SUPPLIED INFORMATION:
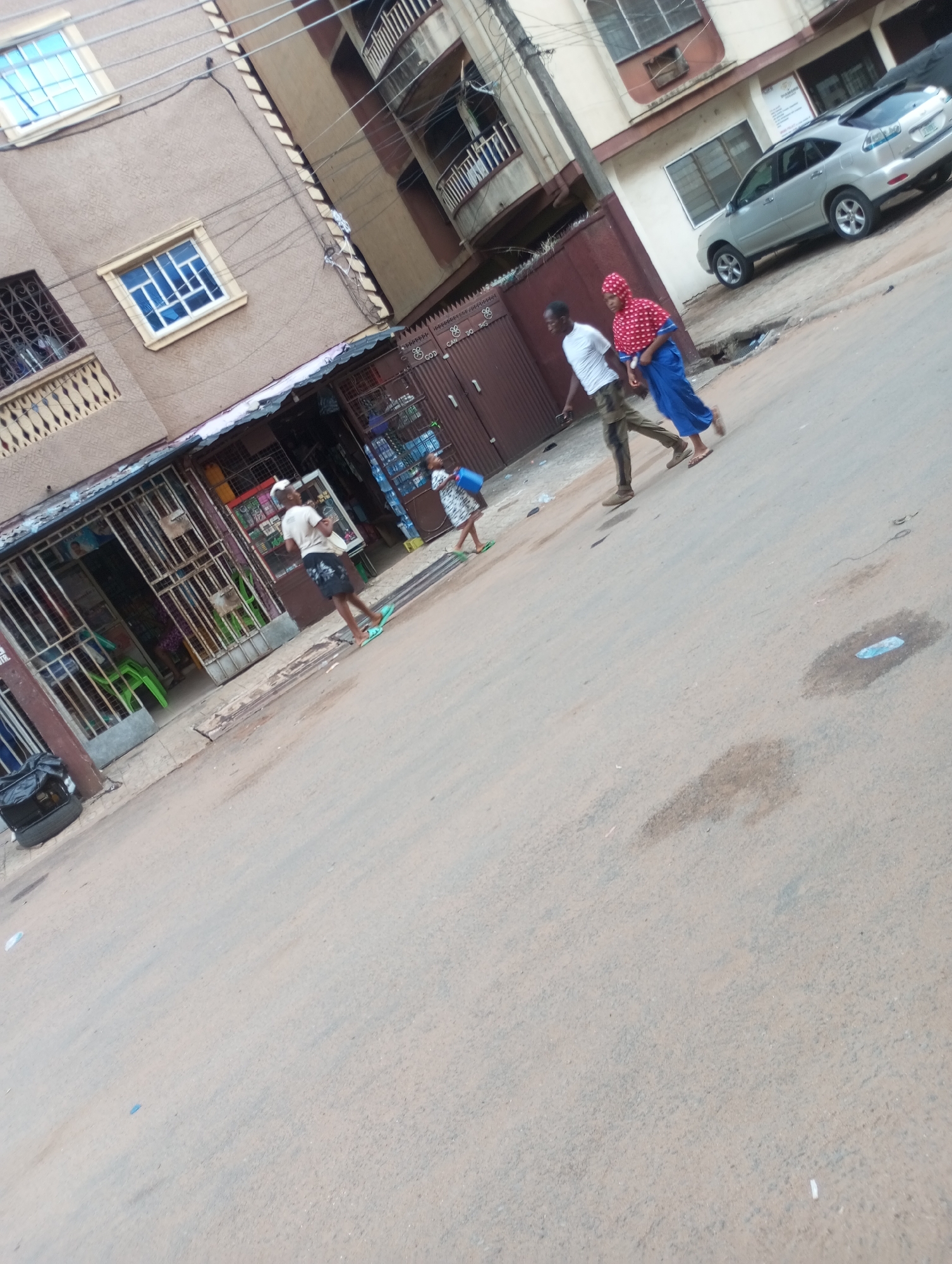 This image captures a street scene in Onitsha, Nigeria, likely during the daytime. The perspective is slightly angled, looking down the street.
The scene depicts a busy urban or semi-urban environment lined with multi-story buildings. On the left, a brown building with patterned walls features multiple windows, some with blue-tinted glass, and balconies with decorative railings. Its ground floor is occupied by several shops, enclosed with metal gates and grilles, displaying various goods. Green plastic chairs are visible inside one shop entrance. A black tire with a bag on it rests on the pavement in the bottom-left corner.
On the right side of the street, another building, possibly lighter in color, has a silver Lexus RX series SUV parked in front of it. A sign with the word "DIAMOND" is visible on this building. Overhead, numerous electrical wires crisscross the sky.
Several people are engaged in daily activities on the street. A man in a white t-shirt and camouflage pants walks away from the camera, accompanied by a woman in a red and white patterned top, a blue skirt/dress, and a red head covering. Both are wearing flip-flops. Further left and closer to the foreground, another man in a white t-shirt and dark shorts, also in green flip-flops, walks past the shops. A child in a light-colored dress, carrying a blue bucket, is partially visible behind him. People appear to be going about their errands or daily commutes.
The asphalt road shows signs of wear, with some dirt patches and small debris. The light suggests it is daytime, possibly late morning or early afternoon, with diffuse light rather than direct sunlight. Visible text includes "DIAMOND" on a sign and partially obscured text on a metal gate reading "CO-OP" and "NO 88".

TASK PROMPT: The pictures in the data should be omitted, and every remaining line set down exactly.

THE COMPLETED TASK:
 This image captures a street scene in Onitsha, Nigeria, likely during the daytime. The perspective is slightly angled, looking down the street.
The scene depicts a busy urban or semi-urban environment lined with multi-story buildings. On the left, a brown building with patterned walls features multiple windows, some with blue-tinted glass, and balconies with decorative railings. Its ground floor is occupied by several shops, enclosed with metal gates and grilles, displaying various goods. Green plastic chairs are visible inside one shop entrance. A black tire with a bag on it rests on the pavement in the bottom-left corner.
On the right side of the street, another building, possibly lighter in color, has a silver Lexus RX series SUV parked in front of it. A sign with the word "DIAMOND" is visible on this building. Overhead, numerous electrical wires crisscross the sky.
Several people are engaged in daily activities on the street. A man in a white t-shirt and camouflage pants walks away from the camera, accompanied by a woman in a red and white patterned top, a blue skirt/dress, and a red head covering. Both are wearing flip-flops. Further left and closer to the foreground, another man in a white t-shirt and dark shorts, also in green flip-flops, walks past the shops. A child in a light-colored dress, carrying a blue bucket, is partially visible behind him. People appear to be going about their errands or daily commutes.
The asphalt road shows signs of wear, with some dirt patches and small debris. The light suggests it is daytime, possibly late morning or early afternoon, with diffuse light rather than direct sunlight. Visible text includes "DIAMOND" on a sign and partially obscured text on a metal gate reading "CO-OP" and "NO 88".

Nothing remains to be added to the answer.